Rachel Miller Contra Mundum? The 5 Solas and John Piper, Part 2: “Salvation”

Faith is the instrumental cause of not only our Justification, but our complete and final Salvation.

This is what is truly precious about the doctrine of Justification: it is not just the first step from which one moves on into the rest of the benefits of saving Union with Christ. It is the declaration at the beginning of what will be at the end. Justification is the definitive, present, juridical, and authoritative pronouncement on the whole of the believers walk to Glory; that is, a pronouncement on the whole of what constitutes Salvation in its broadest sense. Justification answers our guilt in Adam, both now and at the Last Judgement. This declaration is true and unchanging from the moment of faith and Union, through the entire course of Regeneration, Sanctification, and Glorification. It pronounces the end at the beginning and all along the way. And how are we Justified—how do we receive this holistic declaration of “not guilty” and “perfectly righteous?” By faith alone. Sola Fide.


A quick note on our previous post, Part 1. It seems that many take exception to Ursinus’ use of the word “regeneration.” I am not suggesting we change our current use, but rather just pointing out that when we read what he has written on the subject, Regeneration is used simply to denote all that is the second benefit in the duplex gratia. It represents all that answers to our corruption received from Adam in distinction to our guilt derived from the same. And this was the common usage of the word prior to the tidier ordering and parsing of benefits that came later.  For example, Witsius writes,

For really, sanctification differs no other ways from the first regeneration and renovation, than as the continuance of an act differs from the beginning of it. (Bk. 3.8.10)

And as to the concern that Ursinus is saying faith precedes Regeneration in time, that is not at all what he is saying. Rather, the Holy Spirit is working Regeneration when He works faith in the heart. As the Catechism says,

Q.65. Since, then, we are made partakers of Christ and all His benefits by faith only, where does this faith come from?

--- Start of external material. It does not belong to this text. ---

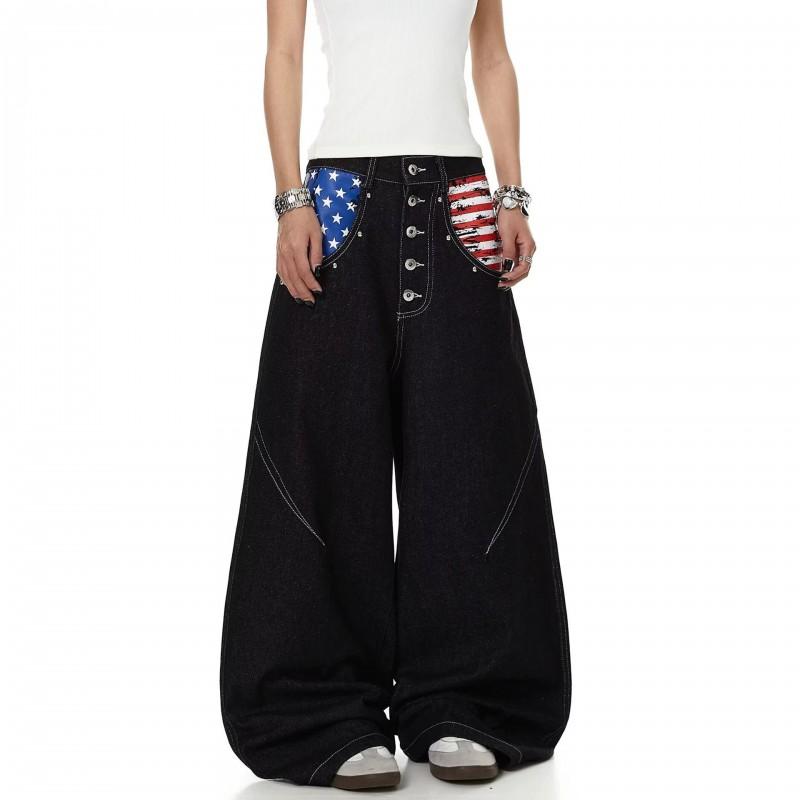 Unisex Relaxed Fit Denim Jeans With Deconstructed Flag Print Contrast Stitching Button Fly Mid-Rise Straight Cut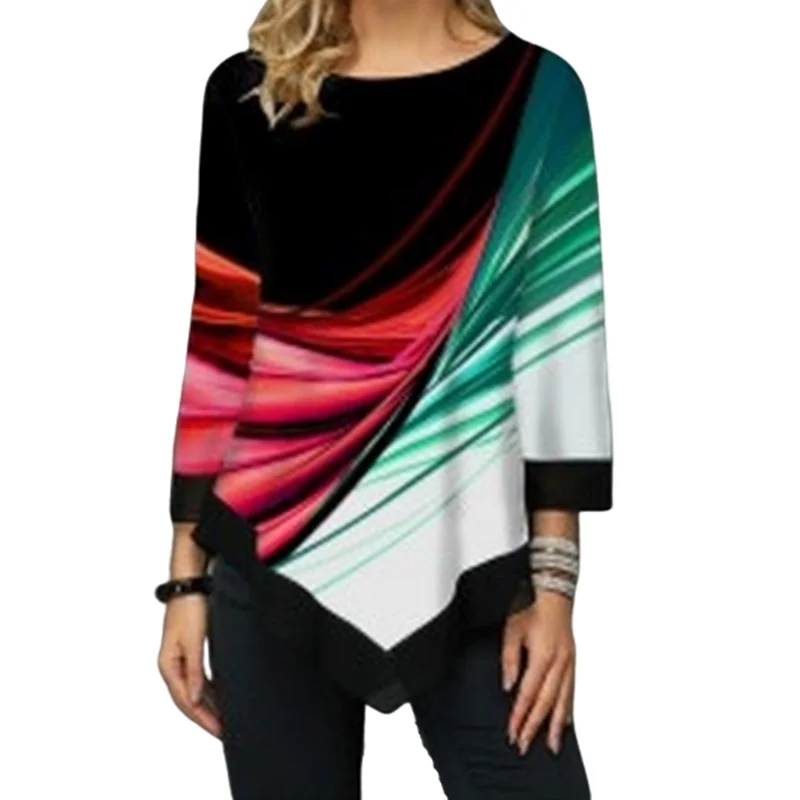 

Casual Long Sleeve T-shirt 2020 Spring Autumn Leisure Female Top Large Sizes Women Clothes Irregular Women T Shirts Femme 5XL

The Holy Spirit works faith in our hearts by the preaching of the Holy Gospel, and confirms it by the use of the holy sacraments.

Introduction to Part 2

IN OUR LAST POST, I promised to deal with three classes of responses to Rachel Miller’s critique of John Piper’s, “Does God Really Save us by Faith Alone?” They are,

  1. Works are necessary to salvation due to a proper understanding of the doctrine of Union with Christ.
  2. “Salvation” is a broader concept that includes more than just Justification, and works are necessary and instrumental to Sanctification and Glorification, therefore they are necessary and instrumental to the broader concept of Salvation.
  3. Piper’s teaching is in accord with the mass of 16thand 17thcentury Reformed scholarship; that is, Piper is in good company, and if we want to call him to the carpet, we must also call many other thoroughly orthodox Reformed authors to the same carpet.

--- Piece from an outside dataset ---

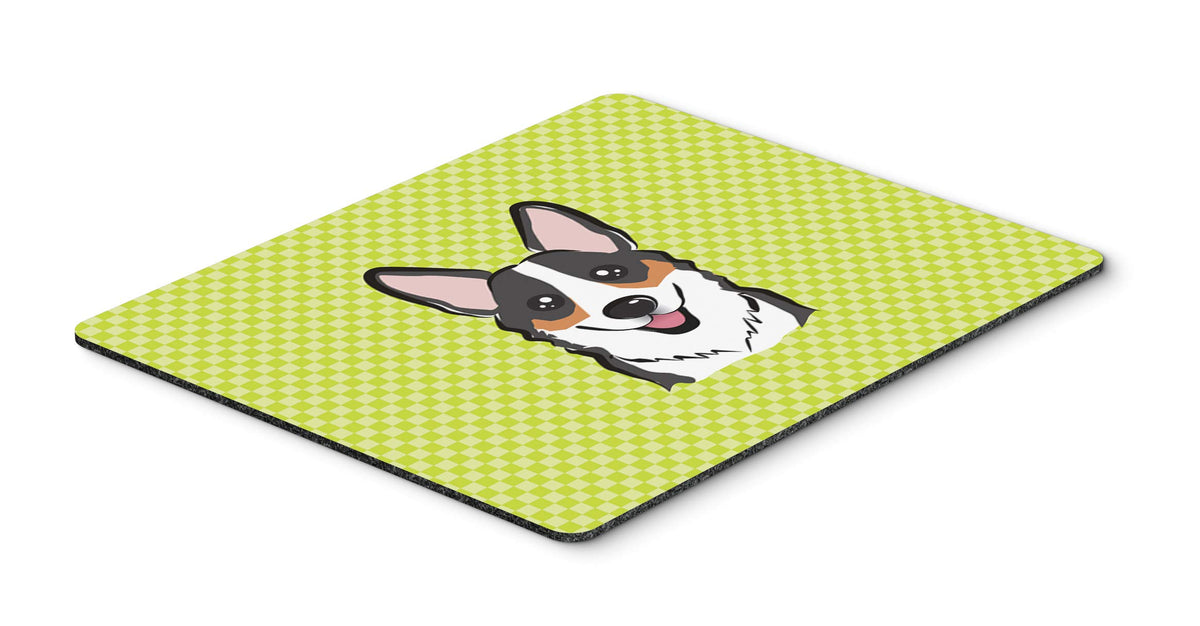 Caroline's Treasures BB1317MP Checkerboard Lime Green Corgi Mouse Pad, Hot Pad or Trivet for Home Office Gaming Working Computers Laptop Mouse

Having responded to the first, we now move on to the second.  But before we do, I would like to reiterate yet again what is the manifest purpose and substance of Piper’s post. The question of the post is clear: does God really save us by faith alone? His answer is that the Five Solas do not apply to the whole of Salvation, but rather in their entirety only to Justification.  This is what he sees the Reformers to have been saying. That is, we cannot properly apply Sola Fide to “salvation” as broadly understood, for if we replace “justified” in “we are justified by means of faith alone” with “sanctified” or “finally saved,” the statement does not hold. In particular, Final Salvation will be adjudicated by “faith and fruit.”

2) “Salvation” is a Broader Concept

I disagree with Piper on a number of issues, but not here. He is saying salvation is a broader term than justification. (Dr. Raymond A. Blacketer, via Twitter)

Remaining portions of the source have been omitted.